These are chat archives for ramda/ramda

3rd
Mar 2015
Danny Fritz
@dannyfritz
Mar 03 2015 03:52
how would i sort an array by frequency in the array? like [1, 2, 2, 1, 1] => [1, 1, 1, 2, 2] and [1, 2, 2, 3, 3, 3, 3] => [3, 3, 3, 3, 2, 2, 1]
Gil Birman
@gilbox
Mar 03 2015 06:01
probably easier with native Array.reduce b/c it supports sparse arrays
[1,2,3,2,1,2,2,1].reduce(function(prev,curr) { console.log(prev,curr); prev[curr] = (prev[curr] || 0)+1; return prev; }, [])
This message was deleted
Scott Sauyet
@CrossEye
Mar 03 2015 15:53
@gilbox something like that might be a useful first step, but doesn't solve the original problem.
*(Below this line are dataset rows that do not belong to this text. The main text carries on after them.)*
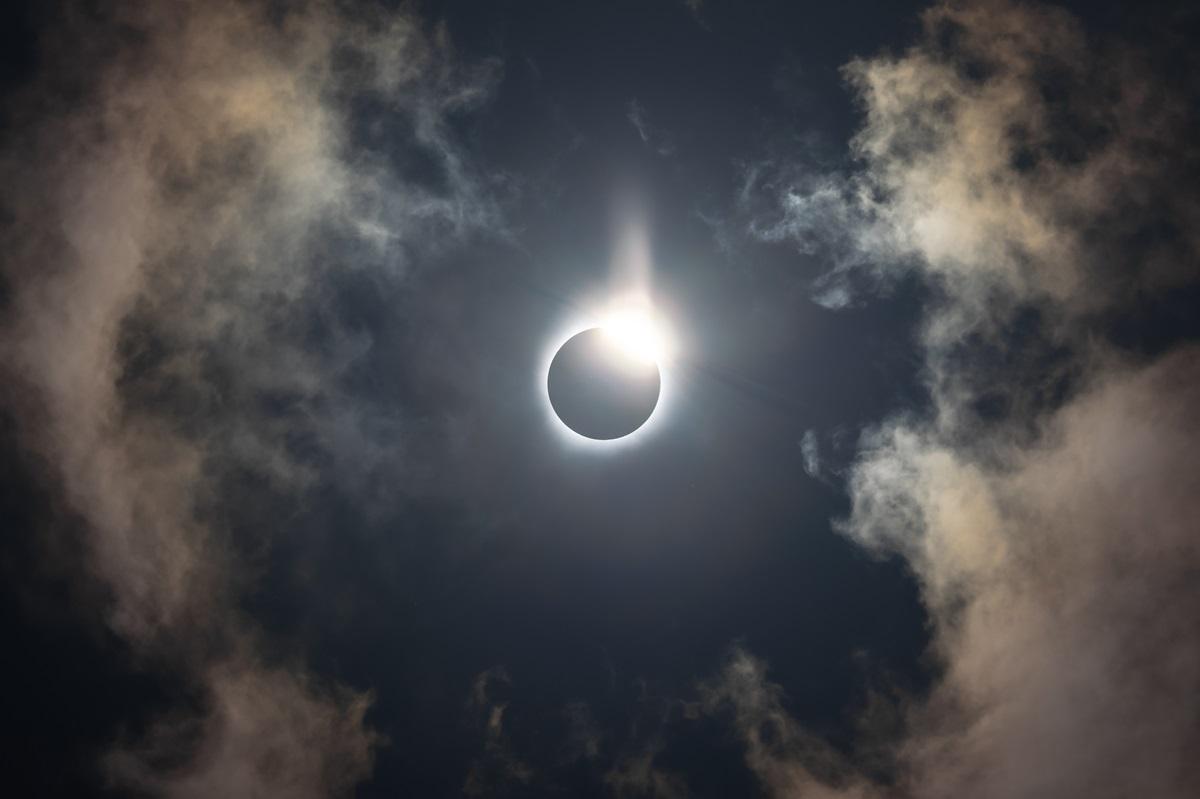 Prima eclipsă solară totală vizibilă &icirc;n Europa &icirc;n aproape 30 de ani. C&acirc;nd are loc și unde poate fi admirată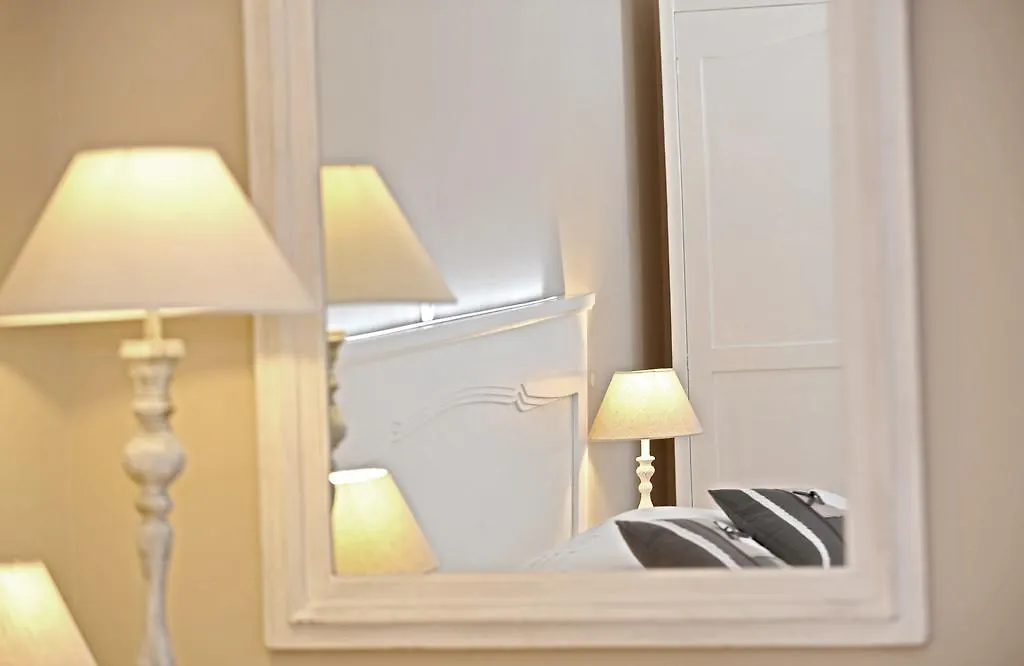 Tinel Rooms Old City Center-1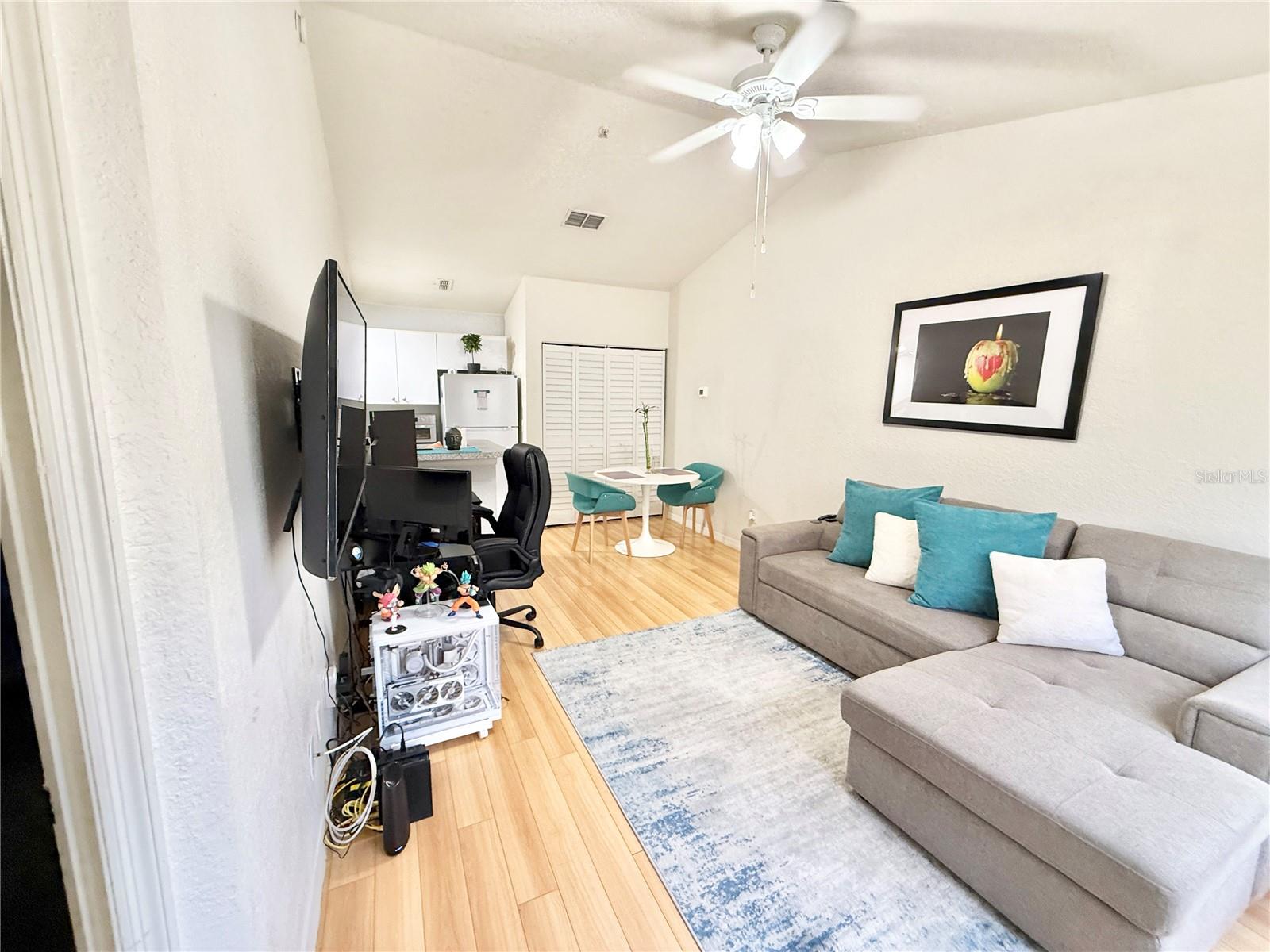 Image 3 of 8 For 6384 Raleigh Street 2216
The same function could be used with Ramda's reduce BTW. The restrictions on sparse arrays have to do with what it will accept, not what it will generate. Nonetheless, I would suggest accumulating on an empty object instead of an array. That just seems more generally useful.
@dannyfritz: I don't see anything simple. One possibility is at http://tinyurl.com/q5ahjlk.
Scott Sauyet
@CrossEye
Mar 03 2015 15:58
var ls1 = [1, 2, 2, 1, 1];
var ls2 = [1, 2, 2, 3, 3, 3, 3];

var f = function(ls) {
    var counts = R.countBy (R.identity) ;
    var countFor = R.propOf(counts);
    var order = R.reverse(R.sortBy(countFor, R.keys(counts)));
    return R.flatten(R.map(R.converge(R.repeat, R.identity, countFor), order));
}; 

JSON.stringify([f(ls1), f(ls2)])
Ludwig Magnusson
@TheLudd
Mar 03 2015 16:09
Is there a function in ramda that takes one argument and returns an array containing that argument?
function(a) {
  return [a];
}
Danny Fritz
@dannyfritz
Mar 03 2015 16:41
Thanks @CrossEye. This is how i ended up doing it:
function sortByFrequency (a) {
  return R.reduce(function (sorted, pair) {
    return R.concat(sorted, R.repeat(pair[0], pair[1]));
  }, [], R.toPairs(R.countBy(R.identity, a)));
}
i like your use of flatten better than my reduce though
Gil Birman
@gilbox
Mar 03 2015 17:02
@CrossEye if you accumulate on an empty object there is an extra step of sorting the keys
David Chambers
@davidchambers
Mar 03 2015 17:19
@TheLudd: Yes, R.of.
Ludwig Magnusson
@TheLudd
Mar 03 2015 17:34
thanks
Raine Virta
@raine
Mar 03 2015 17:51
ramda/ramda-fantasy#22 if getters are bad, which I believe, can you show practical example of how to do control flow with ramda-fantasy Maybe?
if m.isJust doSomethingWith m.value; else whatever
Ludwig Magnusson
@TheLudd
Mar 03 2015 17:52
@raine isn't the alternative to always map over it?
I think that might work in Haskell (I wouldn't know because I haven't worked with it) but in JS it can be unpractical. Especially with external libraries that are not implemented with FP in mind
Raine Virta
@raine
Mar 03 2015 17:54
Ludwig Magnusson
@TheLudd
Mar 03 2015 17:55
What were you pointing to? The interface was not super clear...
Raine Virta
@raine
Mar 03 2015 17:55
here's what I actually ended up, using data.maybe's cata that allows pattern matching
but I'd be curious to know how to achieve the same with ramda-fantasy
David Chambers
@davidchambers
Mar 03 2015 18:08
R.map and R.chain are all one needs. Here's an example:
R.pipe(
  S.get('parties'),
  R.chain(S.get('merchant')),
  R.chain(S.get('mcc')),
  R.map(R.replace(/^0+/, '')),
  R.chain(categories.fromMcc),
  R.map(R.prop('hierarchy')),
  R.map(category.TentativeCategory),
  S.fromMaybe(category.unresolved)
)
Raine Virta
@raine
Mar 03 2015 18:10
well, that's all data
David Chambers
@davidchambers
Mar 03 2015 18:29
Sorry, I didn't look closely enough at your gists. cata is an interesting method.
Hardy Jones
@joneshf
Mar 03 2015 20:40
@raine there's no way to fold a Maybe a in ramda-fantasy yet, but it looks like your two alternatives in Maybe.cata don't have the same return type. So, that section there isn't well typed.